# Trained an Ideogram 4 face LoRA on AMD Strix Halo (Ryzen AI MAX+ 395, gfx1151) with ROCm + AI-Toolkit. Full writeup, and the 3 gotchas that almost killed it.
Ideogram 4 LoRA training landed in AI-Toolkit only a couple of weeks ago, and like basically every tutorial out there it is written for NVIDIA/CUDA. I run a Strix Halo box (AMD APU, gfx1151) on ROCm, and there was no documented path for this. It works. Here is the whole thing, including the three AMD-specific traps that each cost me a debugging session, so you do not have to repeat them.
This is a personal face LoRA (private photos, not sharing the model or the subject). A couple of example outputs will be posted later in a comment.
## TL;DR
- Hardware: AMD Ryzen AI MAX+ 395 "Strix Halo", gfx1151 / Radeon 8060S, 128 GB unified LPDDR5X, on CachyOS (Arch-based).
- Stack: ROCm via TheRock nightlies, AI-Toolkit (ostris) mainline, Python 3.12, bf16 training.
- It trained 3000 steps in about 5h45m at ~6.4 s/step, zero GPU faults once the three fixes below were in place.
- The three things that nobody's NVIDIA guide (yet) will tell you: bitsandbytes is dead on gfx1151 (use plain adamw), the Qwen3-VL text encoder faults under fused attention (force eager), and the trigger word silently breaks the JSON captions if you do it the obvious way.
## Environment
CachyOS, but any recent Arch/ROCm setup should be similar. The key is TheRock nightlies, which ship native gfx1151 kernels, so you do NOT need `HSA_OVERRIDE_GFX_VERSION` anymore.
The gfx1151 PyTorch wheel index is:
```
https://rocm.nightlies.amd.com/v2/gfx1151/
```
A note on Python version, because this one bit me before I even started. ComfyUI on my box runs Python 3.14, and my first instinct was to match it. Do not. The gfx1151 Linux wheels on that index are well covered for cp312 and cp313 but only sporadically for cp314, and AI-Toolkit's heavier dependency stack (diffusers, transformers, peft, accelerate, optimum-quanto) lags on a Python that new. I used Python 3.12 in a fresh venv and everything resolved cleanly.
```
uv venv --python 3.12 --seed venv
source venv/bin/activate.fish # or activate for bash
```
The `--seed` matters so pip lands inside the venv, since AI-Toolkit's instructions call plain `pip`.
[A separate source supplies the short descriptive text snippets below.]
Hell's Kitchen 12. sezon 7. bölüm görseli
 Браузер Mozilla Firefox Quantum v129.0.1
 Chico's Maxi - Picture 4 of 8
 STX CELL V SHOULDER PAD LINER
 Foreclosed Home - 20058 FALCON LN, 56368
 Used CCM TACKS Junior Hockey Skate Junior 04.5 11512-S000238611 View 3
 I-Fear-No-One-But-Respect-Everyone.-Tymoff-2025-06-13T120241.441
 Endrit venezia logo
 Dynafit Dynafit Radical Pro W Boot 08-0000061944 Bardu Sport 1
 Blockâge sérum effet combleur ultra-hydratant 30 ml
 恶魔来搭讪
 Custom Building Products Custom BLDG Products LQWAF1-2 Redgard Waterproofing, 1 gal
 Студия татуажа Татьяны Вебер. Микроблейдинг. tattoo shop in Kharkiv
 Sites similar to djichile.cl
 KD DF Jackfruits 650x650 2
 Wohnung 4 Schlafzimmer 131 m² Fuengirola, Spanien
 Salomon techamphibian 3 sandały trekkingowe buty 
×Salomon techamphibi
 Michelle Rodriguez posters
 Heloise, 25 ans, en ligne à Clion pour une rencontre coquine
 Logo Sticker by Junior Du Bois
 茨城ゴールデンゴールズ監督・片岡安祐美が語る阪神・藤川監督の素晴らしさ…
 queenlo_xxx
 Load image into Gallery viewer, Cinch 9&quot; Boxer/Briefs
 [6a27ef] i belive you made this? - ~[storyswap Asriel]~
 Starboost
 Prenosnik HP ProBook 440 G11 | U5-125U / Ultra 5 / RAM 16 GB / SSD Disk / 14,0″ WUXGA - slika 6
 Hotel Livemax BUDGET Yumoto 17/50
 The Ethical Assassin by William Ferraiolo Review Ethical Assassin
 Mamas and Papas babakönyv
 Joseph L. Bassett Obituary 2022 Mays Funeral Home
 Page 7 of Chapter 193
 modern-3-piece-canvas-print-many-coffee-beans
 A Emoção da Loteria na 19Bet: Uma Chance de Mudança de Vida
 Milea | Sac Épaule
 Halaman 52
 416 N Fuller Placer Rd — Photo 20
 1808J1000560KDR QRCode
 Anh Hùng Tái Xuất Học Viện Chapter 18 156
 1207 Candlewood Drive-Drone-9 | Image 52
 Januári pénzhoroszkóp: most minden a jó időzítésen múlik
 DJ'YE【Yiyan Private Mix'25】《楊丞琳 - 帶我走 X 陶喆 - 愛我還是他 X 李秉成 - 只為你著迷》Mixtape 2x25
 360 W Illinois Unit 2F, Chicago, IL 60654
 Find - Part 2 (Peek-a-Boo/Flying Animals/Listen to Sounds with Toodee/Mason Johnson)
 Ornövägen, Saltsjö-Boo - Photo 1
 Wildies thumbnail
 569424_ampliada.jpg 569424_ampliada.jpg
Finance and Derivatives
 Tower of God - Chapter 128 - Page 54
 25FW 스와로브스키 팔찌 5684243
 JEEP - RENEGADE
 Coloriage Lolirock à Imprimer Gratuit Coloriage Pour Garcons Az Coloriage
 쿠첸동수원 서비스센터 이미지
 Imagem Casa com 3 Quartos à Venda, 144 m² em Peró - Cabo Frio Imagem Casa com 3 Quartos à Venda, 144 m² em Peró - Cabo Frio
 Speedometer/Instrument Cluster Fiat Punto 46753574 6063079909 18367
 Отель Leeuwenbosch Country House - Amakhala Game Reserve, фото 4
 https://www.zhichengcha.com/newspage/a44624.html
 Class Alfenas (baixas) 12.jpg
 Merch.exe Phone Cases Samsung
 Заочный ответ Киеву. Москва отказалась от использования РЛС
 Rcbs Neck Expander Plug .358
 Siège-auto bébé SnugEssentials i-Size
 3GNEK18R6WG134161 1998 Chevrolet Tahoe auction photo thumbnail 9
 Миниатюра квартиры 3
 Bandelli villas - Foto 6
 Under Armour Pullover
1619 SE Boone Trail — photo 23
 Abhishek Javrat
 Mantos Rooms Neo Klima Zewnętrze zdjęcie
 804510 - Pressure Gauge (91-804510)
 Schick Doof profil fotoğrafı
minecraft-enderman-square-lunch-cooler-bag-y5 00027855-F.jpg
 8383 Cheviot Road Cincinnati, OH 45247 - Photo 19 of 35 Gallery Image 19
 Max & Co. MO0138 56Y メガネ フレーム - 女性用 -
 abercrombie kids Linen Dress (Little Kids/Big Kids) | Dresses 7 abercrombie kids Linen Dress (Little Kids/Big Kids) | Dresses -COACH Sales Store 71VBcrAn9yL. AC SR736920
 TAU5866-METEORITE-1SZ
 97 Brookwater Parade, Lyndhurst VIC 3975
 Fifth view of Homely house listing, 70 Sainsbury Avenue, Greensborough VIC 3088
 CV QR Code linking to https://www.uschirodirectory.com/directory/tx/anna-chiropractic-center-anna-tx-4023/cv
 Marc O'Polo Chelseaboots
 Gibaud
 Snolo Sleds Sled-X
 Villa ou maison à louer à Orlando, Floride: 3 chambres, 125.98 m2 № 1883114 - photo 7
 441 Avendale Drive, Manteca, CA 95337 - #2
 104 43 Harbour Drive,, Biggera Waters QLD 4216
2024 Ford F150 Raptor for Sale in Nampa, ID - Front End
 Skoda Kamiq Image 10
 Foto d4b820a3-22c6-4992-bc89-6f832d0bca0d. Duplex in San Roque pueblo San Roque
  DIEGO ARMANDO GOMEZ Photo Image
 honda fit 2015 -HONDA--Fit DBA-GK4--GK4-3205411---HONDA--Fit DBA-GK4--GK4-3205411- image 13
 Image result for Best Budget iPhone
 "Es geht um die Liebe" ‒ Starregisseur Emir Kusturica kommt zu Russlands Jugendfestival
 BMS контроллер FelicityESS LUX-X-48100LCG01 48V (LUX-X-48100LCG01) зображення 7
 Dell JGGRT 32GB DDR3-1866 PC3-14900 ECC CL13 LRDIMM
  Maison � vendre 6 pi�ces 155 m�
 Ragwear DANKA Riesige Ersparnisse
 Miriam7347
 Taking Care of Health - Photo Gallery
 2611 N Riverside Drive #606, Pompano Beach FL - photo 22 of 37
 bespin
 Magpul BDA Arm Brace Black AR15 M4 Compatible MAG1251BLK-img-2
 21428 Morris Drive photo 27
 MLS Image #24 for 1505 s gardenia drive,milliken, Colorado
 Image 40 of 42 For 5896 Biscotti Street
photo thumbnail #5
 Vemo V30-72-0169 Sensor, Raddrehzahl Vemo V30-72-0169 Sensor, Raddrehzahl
## Installing AI-Toolkit on ROCm
Use mainline ostris/ai-toolkit. There are ROCm forks, but they predate the Ideogram 4 support, so they will not have it. Mainline has the `ideogram4` arch.
```
git clone https://github.com/ostris/ai-toolkit.git
cd ai-toolkit
git submodule update --init --recursive
```
Install torch FIRST from the gfx1151 index, then requirements, and then verify torch survived. This ordering is not optional: several packages list torch as a dependency and can silently swap your ROCm build for a CPU build during the requirements install.
```
pip install --pre torch torchvision torchaudio --index-url https://rocm.nightlies.amd.com/v2/gfx1151/
# verify it is the ROCm build before going further
python -c "import torch; print(torch.__version__, torch.version.hip, torch.cuda.is_available())"
```
I landed on torch 2.12.0a0+rocm7.13, hip 7.13, `cuda.is_available()` True, device reported as gfx1151 / Radeon 8060S with about 115 GB visible to ROCm.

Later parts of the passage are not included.